Saturday, July 30, 2011

Boredom Ain't Real

"‘I’m bored’ is a useless thing to say. I mean, you live in a great, big, vast world that you’ve seen none percent of. Even the inside of your own mind is endless. The fact that you’re alive is amazing, so you don’t get to say ‘I’m bored.’"
-Louis CK


photo by Isabella Connelley

I have come out of my seasonal depression...I feel glorious.

After just a week of sunlight on my skin and eating mostly fruit, I rolled myself out like a blank, pale parchment ready for colour and whimsy and new stories.

Most of my life is delightful right now, and I am working my way to making the less desirable parts more in line with my true needs.

Life is always delicious, though, even in the gloomy parts.

For me this is a landscape and a time to bank up courage in a craven heart, to carry a greater fund of joy into the next cloud of sorrow, to learn even to love sorrow for the pleasure it divides, like the black notes on a keyboard, or hunger between meals. Perhaps even to discover that pain and pleasure, since they cannot exist without each other, are really the same thing.

- Ted Simon (Jupiter’s Travels)



Boredom is a completely foreign concept to me...well, not completely. Standing around doing nothing at my old job was so boring it was physically painful (not exaggerating) - the reason being that it was "the new way." For me, life is all about movement, whether it be physical or mental. I need to be occupied, by tasks, projects, books, art, people, animals, exercise - anything but the monotony of a prescribed, unmoving lockdown. Life moves...it needs to. It just does. So I am the same.


Speaking of projects, I have finally completed the zine I wrote in 2005. It is in the works of being printed. I am really proud of it! 70 (half page) handwritten and illustrated pages.

Now that I have discovered more ways to be healthy and vibrant, I will be posting much, much more.
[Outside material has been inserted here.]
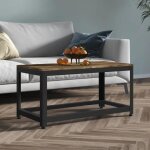 Vidaxl table basse marron foncé et noir 90x45x45 cm mdf et fer 286082 Vidaxl table basse marron foncé et noir 90x45x45 cm mdf et fer 286082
I have kept to a raw vegan diet because of the ecstasy and loving energy it brings me, yet something was still missing after a couple of years. Lots of sun (I am going to travel somewhere warm every winter, I promise this to myself, even if it's California), B12 sub-lingual liquid methylcobalamin (stay clear of the cyanocobalamin - and take it whether you are omnivore or herbivore), eating mostly fruit (more on this later), always sleeping when tired (instead of fighting to stay up later - I always feel like I am missing out on something), and a length of time off. I have had 2 months mostly work-free (I do love my part-time raw-food job!), and I am ready to work again, this time somewhere I love and cherish (I used to love and cherish my old job, but things changed drastically!) - I have a particular one in mind that I desire SO much, so think good thoughts for me!

Until next time!

1 comment:

  1. Love this. Thinking good thoughts for you!